**Task statement**:
Below is a listing. Return the lines from the one that contains "AFERIY P280-B –" to the one that contains "The Scotland Road Trip Map", both ends included, verbatim and with no pictures.

**Records shown**:

-=-=-

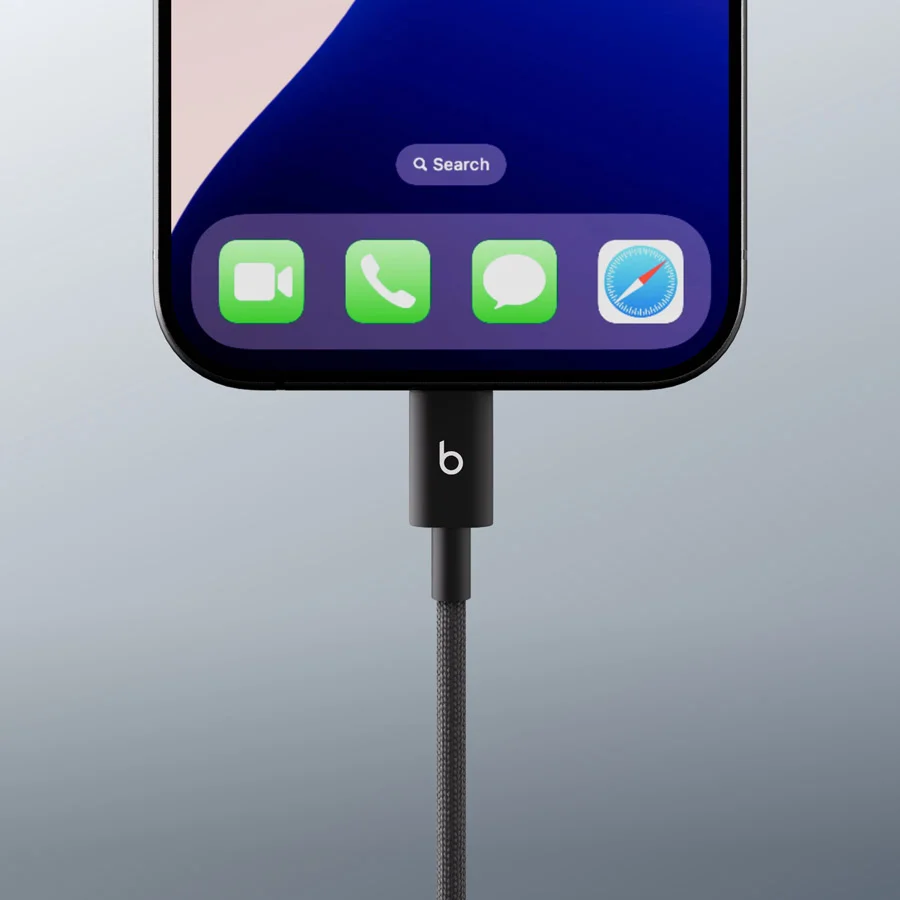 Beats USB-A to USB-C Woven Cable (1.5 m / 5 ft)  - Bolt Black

-=-=-

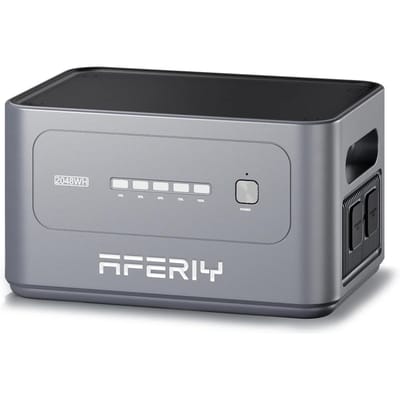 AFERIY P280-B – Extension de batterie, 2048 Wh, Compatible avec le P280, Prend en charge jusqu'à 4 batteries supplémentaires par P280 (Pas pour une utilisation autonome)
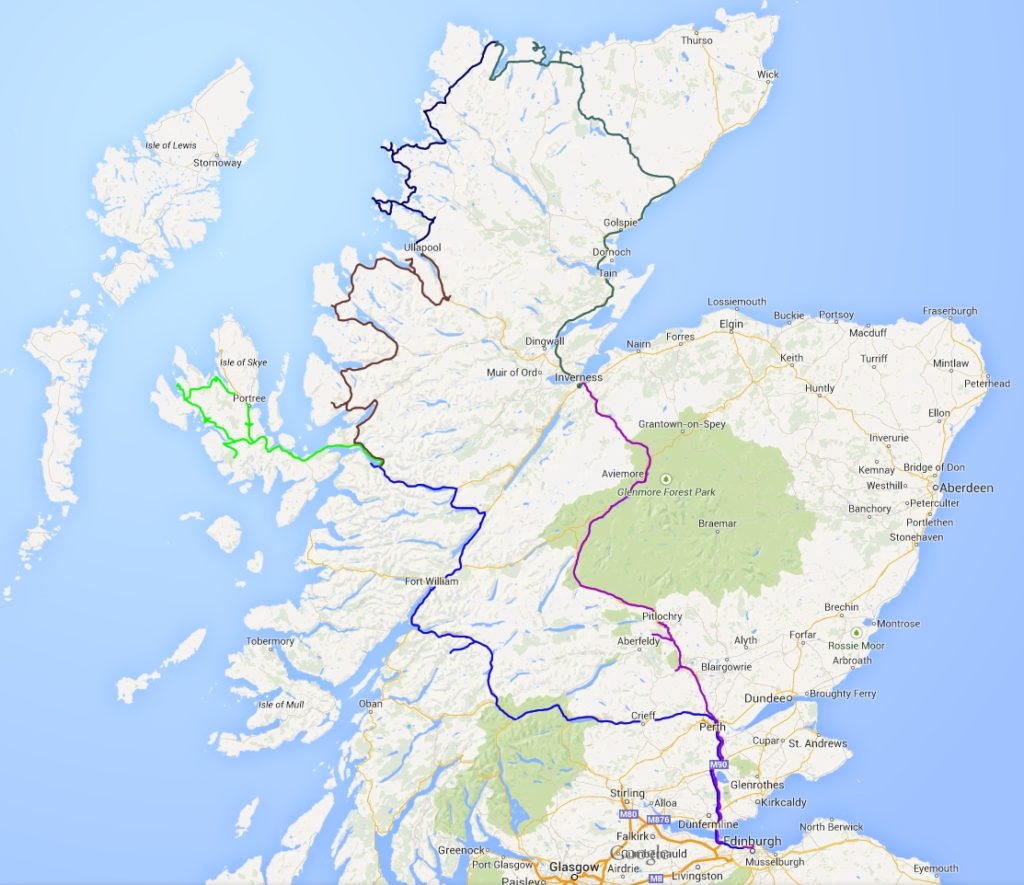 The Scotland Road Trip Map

-=-=-

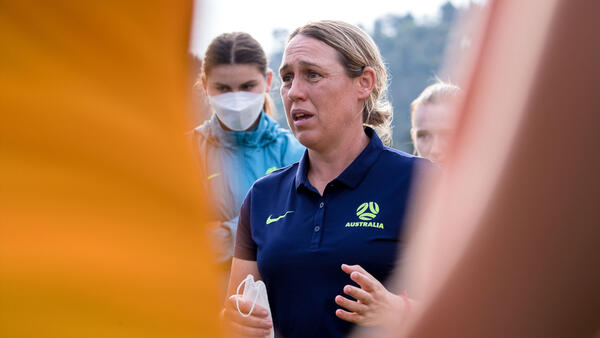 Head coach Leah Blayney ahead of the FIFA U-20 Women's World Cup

-=-=-

**Result of this task**:
 AFERIY P280-B – Extension de batterie, 2048 Wh, Compatible avec le P280, Prend en charge jusqu'à 4 batteries supplémentaires par P280 (Pas pour une utilisation autonome)
 The Scotland Road Trip Map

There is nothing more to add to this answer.